*Instructions for the task*
The following data is to be repeated exactly, its pictures excluded.

*Supplied data*
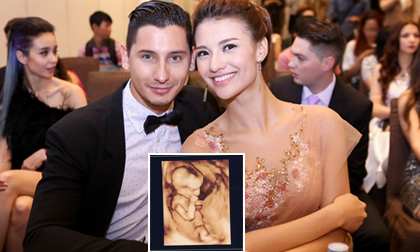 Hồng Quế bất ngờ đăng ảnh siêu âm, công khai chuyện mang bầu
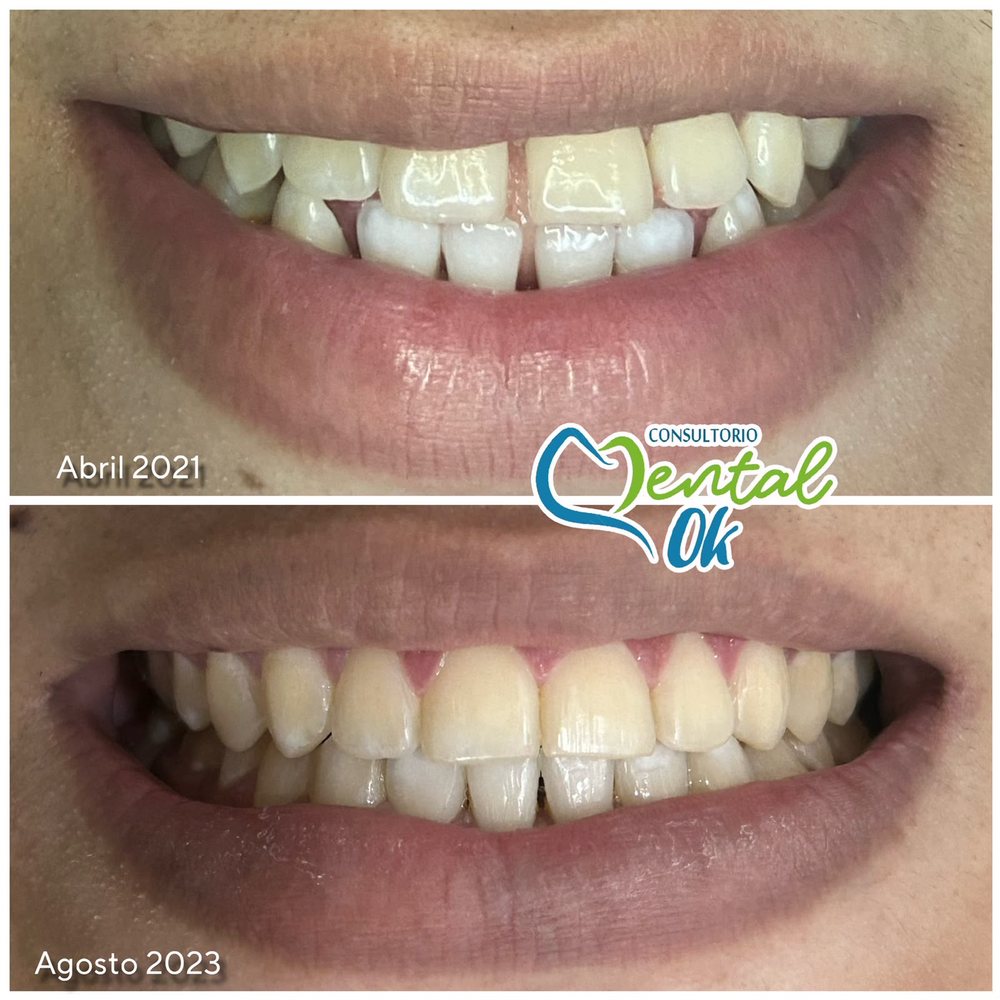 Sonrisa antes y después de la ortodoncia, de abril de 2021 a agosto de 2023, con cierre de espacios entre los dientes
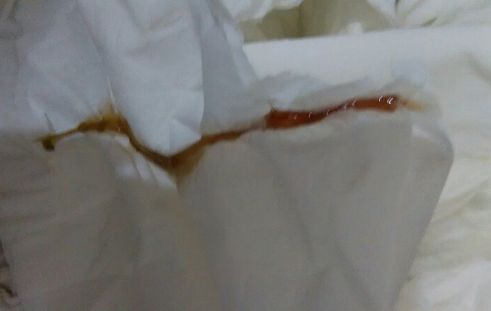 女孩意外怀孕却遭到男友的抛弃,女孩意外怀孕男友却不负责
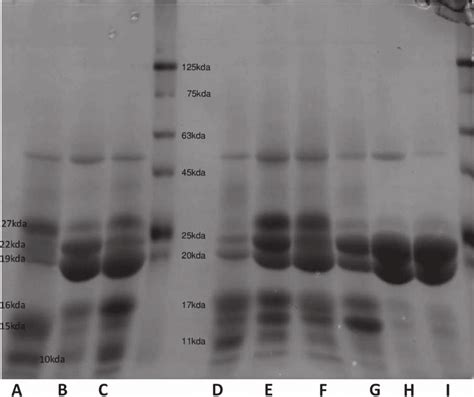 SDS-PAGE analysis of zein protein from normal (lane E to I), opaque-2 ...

*Solution to the exercise*
 Hồng Quế bất ngờ đăng ảnh siêu âm, công khai chuyện mang bầu
 Sonrisa antes y después de la ortodoncia, de abril de 2021 a agosto de 2023, con cierre de espacios entre los dientes
 女孩意外怀孕却遭到男友的抛弃,女孩意外怀孕男友却不负责
 SDS-PAGE analysis of zein protein from normal (lane E to I), opaque-2 ...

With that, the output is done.